Republicans blocked a bill aimed at providing care to veterans exposed to toxic chemicals overseas.

Sen. Bernie Sanders attends a campaign rally on July 29, 2022, in Pontiac, Michigan.

Calling out Sen. Pat Toomey by name, Sen. Bernie Sanders on Sunday said Republicans blocking a bill aimed at providing care to veterans exposed to toxic chemicals overseas should not have voted to fund the wars that created the health nightmare for millions of people.

“I say to Senator Toomey, if you don’t believe we can afford to take care of our veterans suffering from toxic burn pit exposure, then you should not have approved funding to go to war,” said Sanders (I-Vt.), who voted to authorize the U.S. war in Afghanistan but against the Iraq invasion.

“Taking care of our veterans is the cost of war — period,” Sanders added. “End of discussion.”

Burn pits have been used by the U.S. in Afghanistan, Iraq, and other countries to dispose of waste accumulated on military bases, despite warnings that such a method risked the large-scale release of toxic fumes, exposing both American troops and civilians living nearby. The Pentagon estimates that some 3.5 million U.S. troops have suffered health issues stemming from exposure to toxic chemicals spewing from burn pits.

“In some locations, the fires were massive operations,” the Military Times notes. “At Joint Base Balad — one of the largest military bases in Iraq — the burn pit covered nearly 10 acres, with the resulting smoke passing over the entire base as winds shifted… Numerous studies and reports have suggested links between the poor air quality and rare cancers found in increasing numbers among post-9/11 veterans.”

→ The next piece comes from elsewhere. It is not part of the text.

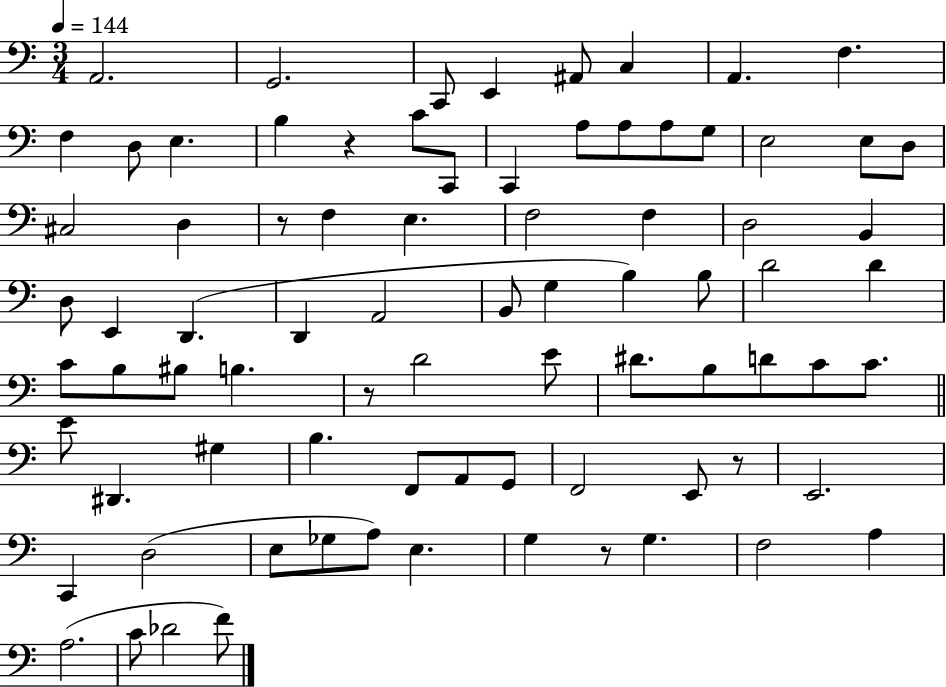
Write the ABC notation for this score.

Toomey, a retiring Pennsylvania Republican, has led the GOP’s opposition to the Honoring Our PACT Act of 2022, claiming the bill contains “a budgetary gimmick” that would spark a “huge explosion in unrelated spending,” and that the spending would be mandatory instead of discretionary. Supporters of the bill have rejected Toomey’s attack, calling it a manufactured excuse to justify tanking the measure.

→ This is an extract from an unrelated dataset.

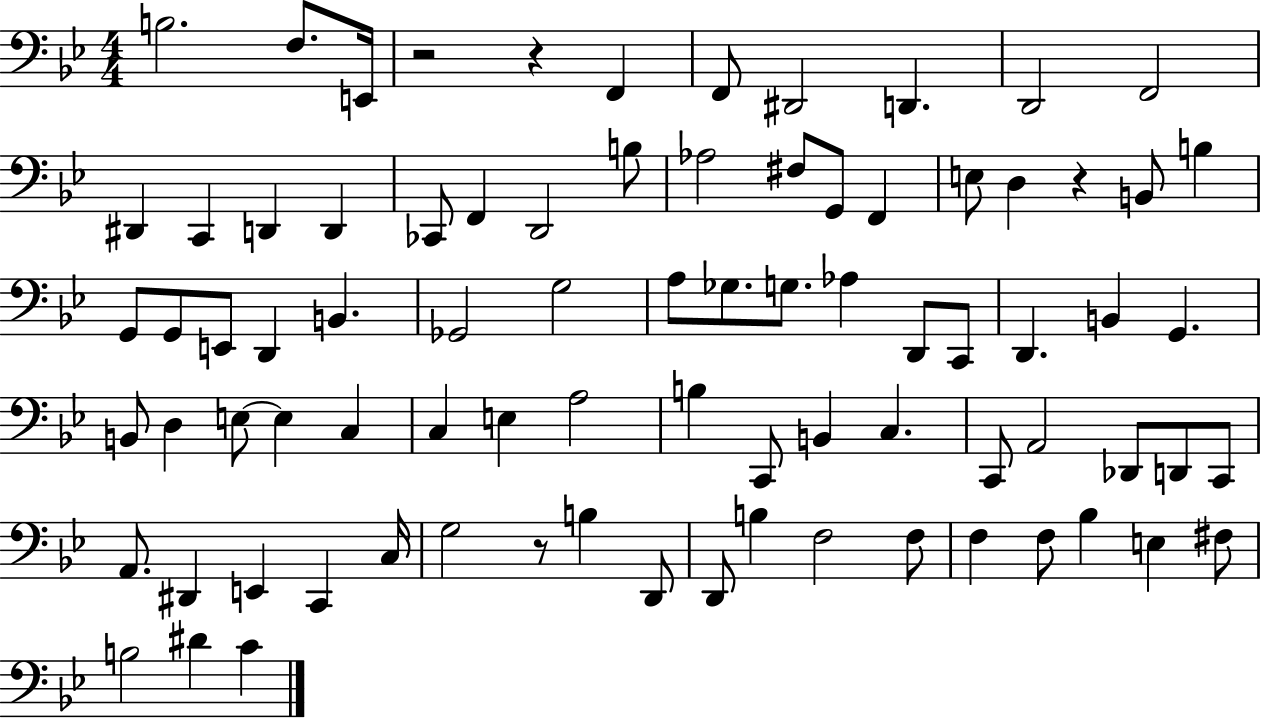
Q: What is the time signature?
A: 4/4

Toomey is attempting to force the inclusion of an amendment that the Department of Veterans Affairs warns would force the federal government to “ration care for veterans.”

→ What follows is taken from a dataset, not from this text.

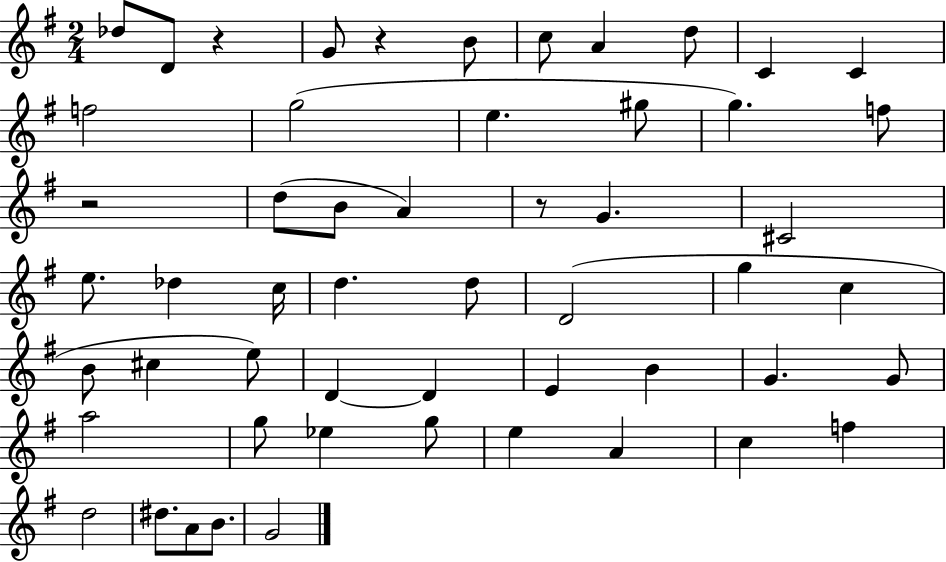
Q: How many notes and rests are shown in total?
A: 54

Liberal comedian Jon Stewart, a vocal advocate for the legislation, said at a press conference on Capitol Hill last week that Republicans “support the war machine,” not U.S. troops or veterans.

“They haven’t met a war they won’t sign up for,” said Stewart, “and they haven’t met a veteran they won’t screw over.”

The Honoring Our PACT Act passed the Senate easily in June, with just 14 Republicans — including Toomey — voting no, but administrative tweaks to the legislation made another vote necessary. Dozens of Republicans have since changed their position on the bill, leading Democrats to accuse them of retaliating over renewed efforts to pass a party-line reconciliation bill.

“Republicans are mad that Democrats are on the verge of passing climate change legislation and have decided to take out their anger on vulnerable veterans,” Sen. Chris Murphy (D-Conn.) argued in a floor speech last week. “News emerged that there is an agreement that makes it likely that a climate change bill is going to proceed on the Senate floor, and magically 30 votes flip.”

The veterans’ healthcare legislation would, of course, do nothing for Iraqis, Afghans, and others exposed to toxic chemicals due to the United States’ violent invasions and occupations of their home countries.

As In These Times journalist Sarah Lazare noted in March, when President Joe Biden used his State of the Union address to pledge assistance to veterans suffering from chemical exposure, “the Iraqi and Afghan people who live near these burn pits — who raise children, go to work, and give birth within breathing distance of their air pollution — were nowhere to be seen.”

“The president did not mention Iraqi and Afghan people, whose exposure is far more prolonged, and whose resultant widespread health problems, including increased rates of birth defects, are well-documented (at least in Iraq),” wrote Lazare. “The omission reflects the chauvinism of U.S. discourse about the wars, in which the lives of those who suffer U.S. occupation and environmental poisoning simply do not register.”